Saturday, December 24, 2011

The night before.

The night before Christmas. The kids are filled with excitement and fitting in their last good deeds to ensure they are noticed. Wyatt has been looking well the past few days, I do believe the holiday spirit has filled him completely! He's been smiling, interactive and has been distractable from his pain. Though today, while still excited that Christmas is tomorrow, he's more on edge and not feeling as "perky" or as distractable as he was.

I feel like a lot has changed since I posted earlier in the week. Thursday we met with the docs while they decided what meds to start, stop and change, adding in our parental opinion when needed. Lots of changes being made recently...I'll go into more details on that at another time. As I mentioned, the past couple of days we've been riding the high of a boy who has been smiling. An awesome thing to see! Last night he woke up due to the "bad dreams" less than he has in what feels like a very long time. I have renewed hope...maybe we will be able to find a way to get him comfortable with sleeping again!


The same afternoon we were seeing the docs we also picked up boxes of Omegaven.
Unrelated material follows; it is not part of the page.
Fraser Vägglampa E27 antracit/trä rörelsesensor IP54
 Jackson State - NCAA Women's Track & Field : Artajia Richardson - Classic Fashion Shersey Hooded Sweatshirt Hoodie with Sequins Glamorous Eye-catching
A fatty acid supplement made with fish oils that will be given in place of the intralipids that Wyatt has been receiving. Our hope is that this mixture will improve our boy's liver in one way or another. Its the only option left. An interesting tidbit to the case, Wyatt is starting this "compassionate use" FDA trial at home. Which is not how it would typically be handled. We were originally told that he'd need to be admitted for several days while we began the treatment. But those that were involved and part of Wyatt's team agreed to allow us to start it at home, with the condition that we draw Wyatt's labs and transport them to the hospital daily for the next week. And should anything happen we will contact Dr. R and or take him to the hospital. A plan that is certainly doable!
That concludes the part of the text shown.